▶ **Required action**: Print the listing exactly.

▶ **Data extract**:
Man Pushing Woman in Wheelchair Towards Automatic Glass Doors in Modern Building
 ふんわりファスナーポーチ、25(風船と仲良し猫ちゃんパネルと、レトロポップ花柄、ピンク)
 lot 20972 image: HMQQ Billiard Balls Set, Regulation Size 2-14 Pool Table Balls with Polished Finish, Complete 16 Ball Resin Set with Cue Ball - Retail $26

▶ **Completed exercise**:
Man Pushing Woman in Wheelchair Towards Automatic Glass Doors in Modern Building
 ふんわりファスナーポーチ、25(風船と仲良し猫ちゃんパネルと、レトロポップ花柄、ピンク)
 lot 20972 image: HMQQ Billiard Balls Set, Regulation Size 2-14 Pool Table Balls with Polished Finish, Complete 16 Ball Resin Set with Cue Ball - Retail $26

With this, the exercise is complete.